Sixteen goals followed in his debut Premier League campaign and twelve in his second.
In his last game for Portsmouth he scored four of five goals in a 5-1 demolition of future club Middlesbrough. Yakubu was a one-man wrecking ball.
As it turned out, Boro came calling soon after, with a £7.5million fee – the highest fee ever paid for a Nigerian at the time – enough to tempt Portsmouth to sell on their prized asset after only two seasons.
The Riverside was a great place to be in the 2005-06 season as Steve McClaren led the side to a remarkable campaign, particularly in the cups.
Yakubu, naturally, was a central figure in that success, with 19 goals scored in all competitions; a change of scenery did nothing to blunt his edge in front of goal.
As was the case at Portsmouth, Yakubu spent only two years at Boro, despite adding another 12 goals in the league in his second season.
One of the most memorable came in a 3-0 thrashing of Jose Mourinho’s Chelsea in what was the heaviest defeat of the Portuguese’s first reign.

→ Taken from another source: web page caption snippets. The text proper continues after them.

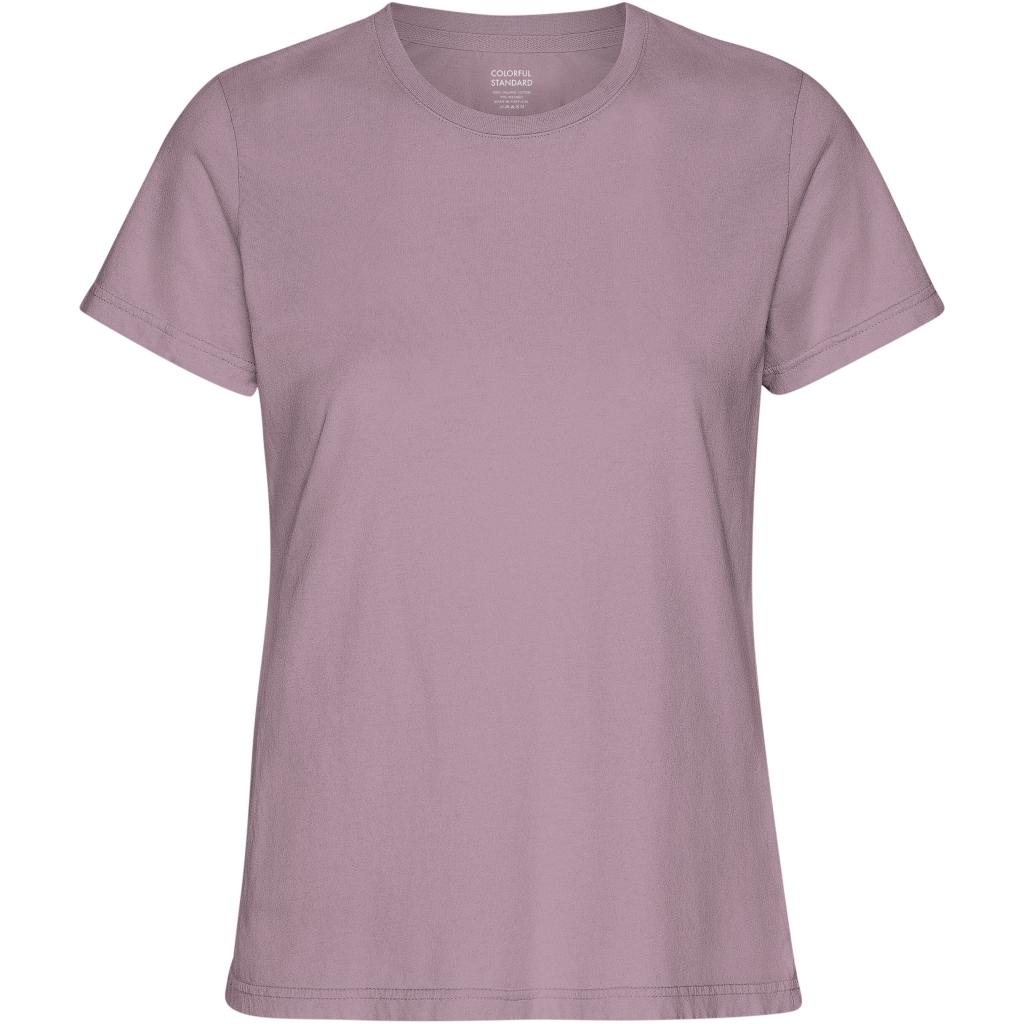 product/c/o/colorful-standard_cs2051-pearlypurple.jpg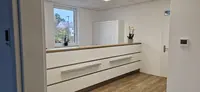 Hausarztzentrum Heinersreuth - MuDr. Dzupirova / Hilmer Fachärzte für Allgemeinmedizin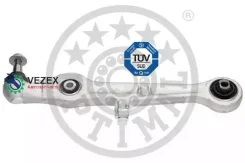 ����� ����������� �������� ������ AUDI: A4 (8D2 B5) A4 (8E2 B6) A4 (8EC B7) A4 Avant (8D5 B5 Optimal G5685 G5685 ����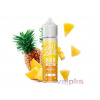 Longfill Just Juice BAR Pineapple - 12 ml Longfill Just Juice BAR Pineapple - 12 ml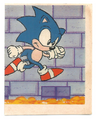 Sonic Brazil Sticker Album 033.png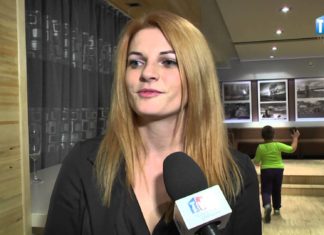 2015.09.24 – OCZAMI MŁODYCH FOTOGRAFÓW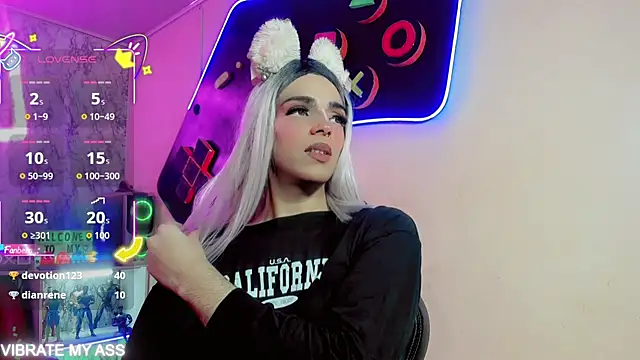 Alessa_mullen live sex cam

Yakubu was simply unplayable that day: first he pounced on a loose ball to set up the opener for Fábio Rochemback, then he closed the scoring himself with a truly brilliant effort.
The ball broke to him and suddenly he was face to face with John Terry – then at the peak of his powers. Unfazed, the Nigerian took him on, moved inside the box, and slotted a low drive past Petr Cech in the Chelsea goal.
David Moyes was suitably impressed to make him Everton’s then-record signing for £11.25million in 2007.
Yakubu was keen to play regularly in Europe, and Everton were on the market for a prolific marksman to propel them to regular continental football. It was a union that suited both parties.
Yakubu, ever the maverick, chose to wear the number 22 jersey, as an indication of his goal target.
He netted 15 league goals in a season disrupted by his appearance for Nigeria at the 2008 Africa Cup of Nations, and finished the campaign on 21 goals in all competitions – just one shy of his target.
In recording his highest career tally, Yakubu also became the first Everton player since Peter Beardsley in 1992 to break the 20-goal barrier. Everton finished fifth, with their aim of qualifying for Europe achieved.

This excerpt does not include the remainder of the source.